Though Khan boasted a day earlier that his fighters had cleared much of the city, he says that almost his entire fighting force had been defeated and captured by late yesterday.

Numerous eyewitnesses and Khan related a tale of Afghan deceit and factional fighting that is sure to spill over into neighboring regions without outside intervention.

Khan sent several hundred of his fighters into Gardez - one of the highest-altitude cities in the country located on an ancient caravan route leading to Pakistan - on Wednesday. Ullah permitted Khan's men to pass through previously manned checkpoints. Later, the fighters were permitted to gather - in the hundreds - beneath the ancient fortress that sits on a hill in the center of the city.

But Ullah's fighters, many of the Hazara tribesmen that make up a small minority of the city's population, unleashed a fury of rockets and heavy machinegun fire as the governor's fighters fled for cover into municipal buildings and down small alleys.

In the next 24 hours, as many as 500 of Khan's fighters were disarmed and taken prisoner. Some 200 fighters loyal to the governor gathered on the eastern edge of town yesterday.
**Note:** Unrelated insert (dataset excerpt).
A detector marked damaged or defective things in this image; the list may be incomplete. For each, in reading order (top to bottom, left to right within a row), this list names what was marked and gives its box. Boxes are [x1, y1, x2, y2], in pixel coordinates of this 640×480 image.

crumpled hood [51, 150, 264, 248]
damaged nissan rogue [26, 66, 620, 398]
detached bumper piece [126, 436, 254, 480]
All of them were downcast as they stockpiled heavy weaponry, and vowed to unleash the fury of the Zadran tribe today.

From the top of a petrol station on the edge of town, a dozen supporters of the governor mingled with backers of the council chief.

Several young boys gasped as a petrol station exploded and plumes of black smoke blanketed the city. The Bela Hisar, a medieval hill fortress, was being smashed by mortars shot by the governor's fighters even as two tanks out in front of the fort blasted back at the attackers.
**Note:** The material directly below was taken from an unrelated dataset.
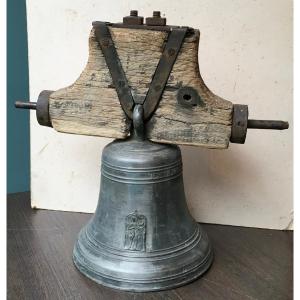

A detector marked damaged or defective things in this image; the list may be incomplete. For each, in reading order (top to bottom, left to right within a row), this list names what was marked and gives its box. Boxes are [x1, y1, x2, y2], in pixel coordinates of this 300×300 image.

rusty iron fitting [14, 89, 53, 126]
On both sides of the fighting, elder tribesmen blasted Western powers for what many of them viewed as the start of a civil conflict that, for them, had no apparent end.
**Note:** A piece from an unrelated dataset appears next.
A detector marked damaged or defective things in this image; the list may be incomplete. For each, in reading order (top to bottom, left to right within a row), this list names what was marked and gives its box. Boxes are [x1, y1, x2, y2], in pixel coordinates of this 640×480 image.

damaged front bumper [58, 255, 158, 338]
Beneath the petrol station, whose mud walls vibrated with massive explosion and rocket fire, an old man, who had just fled the city center, burst into a room. "There are dozens of corpses littering the streets, and I watched seven men bleed to death," says Haji Tur Gul. "We want this stopped. Why don't the Americans bomb these renegades who won't permit our president's governor to enter his own capital?"

Officials in Gardez, loyal to Ullah, claimed that 43 soldiers and civilians had been killed in the fighting. That figure could not be independently confirmed, but Khan claimed 15 of his fighters had been killed.

Early yesterday, US warplanes circled overhead, but by midday they had flown out of sight.

The battle lines, which divide along both factional and ethnic lines, could not have been more confusing for the US military, which is doggedly trying to root out lingering Al Qaeda cells in the region.

As in the nearby city of Khost, former Taliban officials have formed an unusual alliance with Northern Alliance factions, which are believed by most Afghans to be heavily financed by Iran.

Both the former Taliban factions and the Northern Alliance groups - which often field Shia Muslim fighters as opposed to the majority Sunni Muslim population in the country - are allied in their determination to prevent royalists like Khan from regaining power in Afghanistan.

The US military has been trying to work with both sides in the conflict in its efforts to eliminate terror, but the battle in Gardez now threatens to derail those efforts in eastern Afghanistan, which is believed to have hundreds, if not thousands, of renegade Al Qaeda fighters roaming in the mountains.